▸ Task description
Retype exactly the lines from the one that contains "Renditions Gallery Set" through the end of the listing, both included, but not the pictures.

▸ Collected data
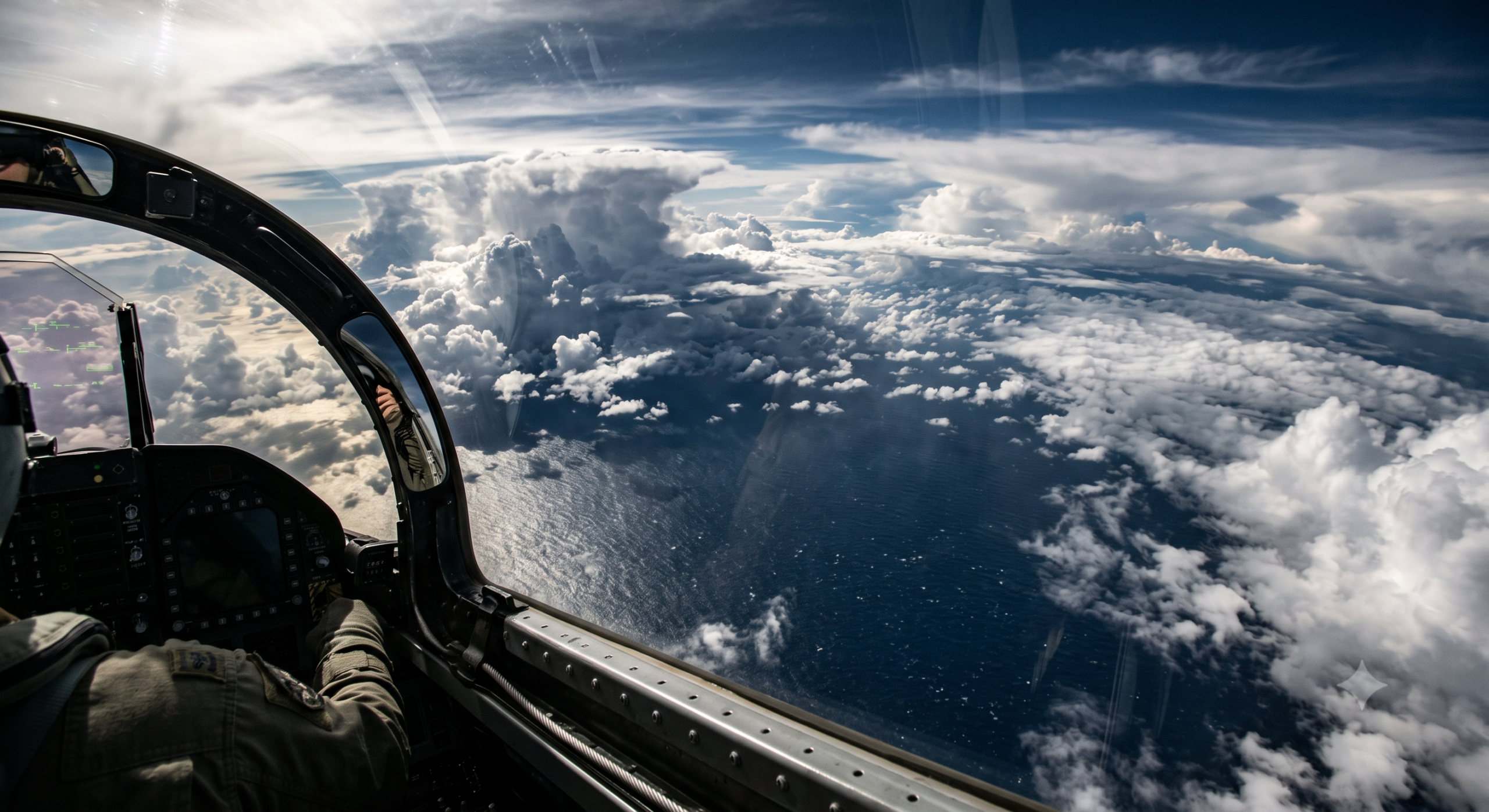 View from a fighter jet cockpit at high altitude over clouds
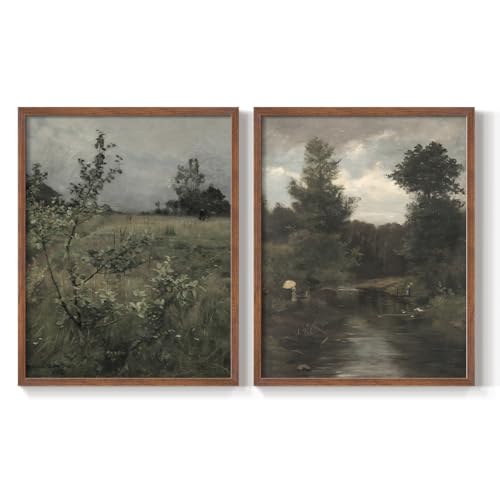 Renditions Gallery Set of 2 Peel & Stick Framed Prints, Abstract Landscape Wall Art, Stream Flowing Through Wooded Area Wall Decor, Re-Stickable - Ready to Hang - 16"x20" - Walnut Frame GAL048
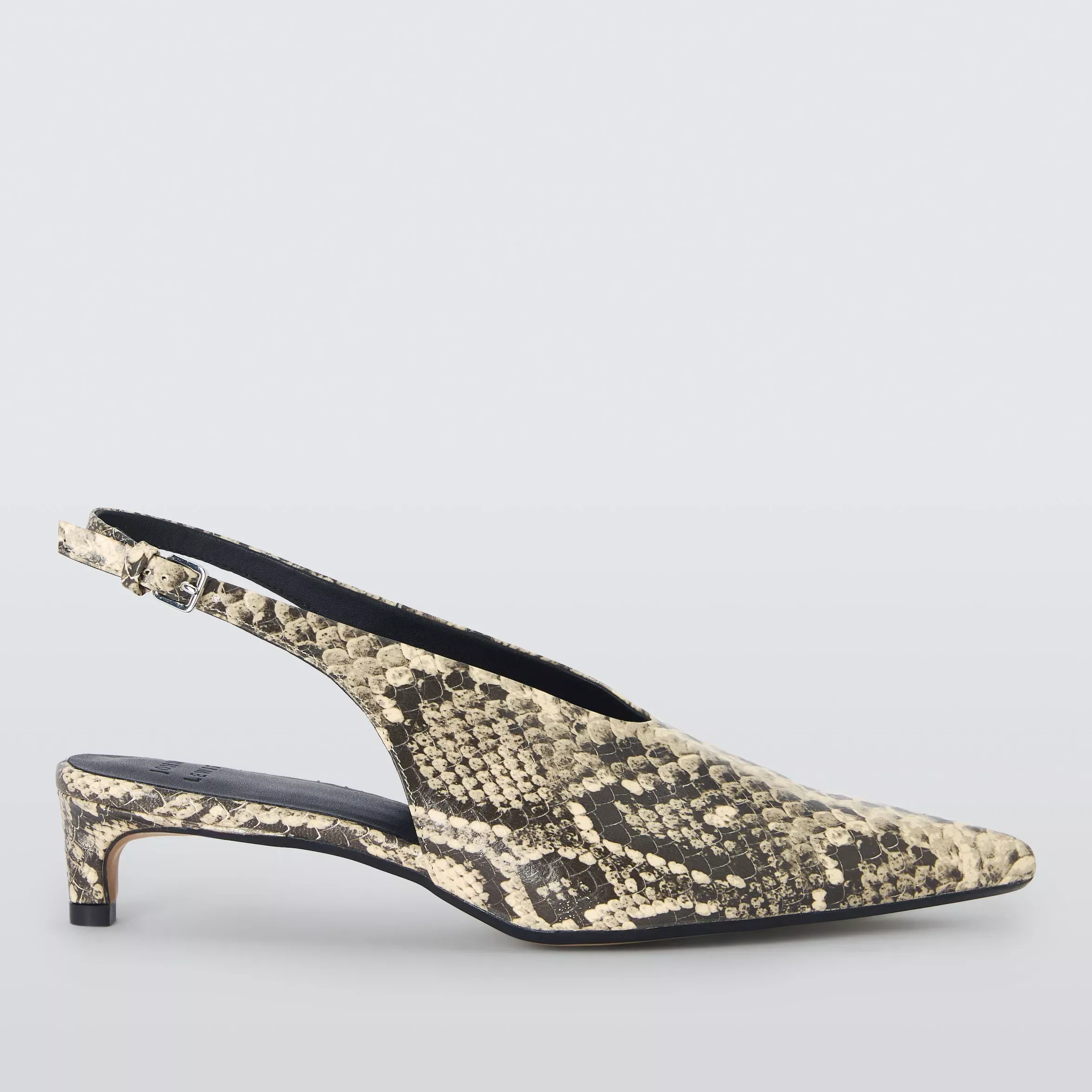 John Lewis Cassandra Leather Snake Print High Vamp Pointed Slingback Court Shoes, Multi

▸ Exercise output
 Renditions Gallery Set of 2 Peel & Stick Framed Prints, Abstract Landscape Wall Art, Stream Flowing Through Wooded Area Wall Decor, Re-Stickable - Ready to Hang - 16"x20" - Walnut Frame GAL048
 John Lewis Cassandra Leather Snake Print High Vamp Pointed Slingback Court Shoes, Multi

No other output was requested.